That said, the fast training time you noted mitigates this limitation in practice. Retraining on new data for each scene is feasible and aligns with RF applications, where environments often change incrementally (e.g., furniture rearrangements) rather than requiring broad generalization across vastly different scenes. For scenarios demanding stronger generalization, future extensions could incorporate hybrid approaches, such as integrating scene-agnostic priors (e.g., physics-based simulations) or meta-learning, but these are beyond our current scope focused on high-fidelity, efficient per-scene synthesis.

To enable spatial generalization while building on GSRF's framework, we propose actionable solutions: pretraining GSRF on diverse RF datasets and fine-tuning on target scenes, initializing Gaussians to preserve general priors. Incorporating conditional inputs like scene geometry embeddings via a lightweight MLP modulating attributes. Hybridizing with physics simulators (e.g., Wireless InSite [19]) to seed Gaussians along simulated paths for zero-shot inference on similar layouts.

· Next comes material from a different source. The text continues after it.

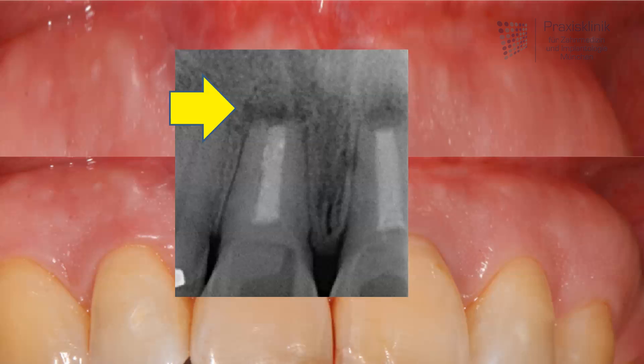So if you want to keep those teeth, you will have to remove that inflammation. Optionally, you can remove the teeth and then place a bridge, a denture, or implants. In that case, the patient decided to keep her teeth and undergo the operation.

Q2 – Why Fourier–Legendre Basis Instead of Spherical Harmonics

Thank you for your question on the choice of Fourier–Legendre Expansion (FLE) over Spherical Harmonics (SH) for modeling directional radiance in GSRF. Below, we provide a theoretical explanation for this design decision, grounded in the fundamental differences between RF signal propagation and visible light rendering, as well as the mathematical properties of the bases. This choice stems from the need to handle the unique challenges of RF domains—such as centimeter-scale wavelengths that cause pronounced phase-dependent interference and diffraction—which SH is ill-suited to capture efficiently.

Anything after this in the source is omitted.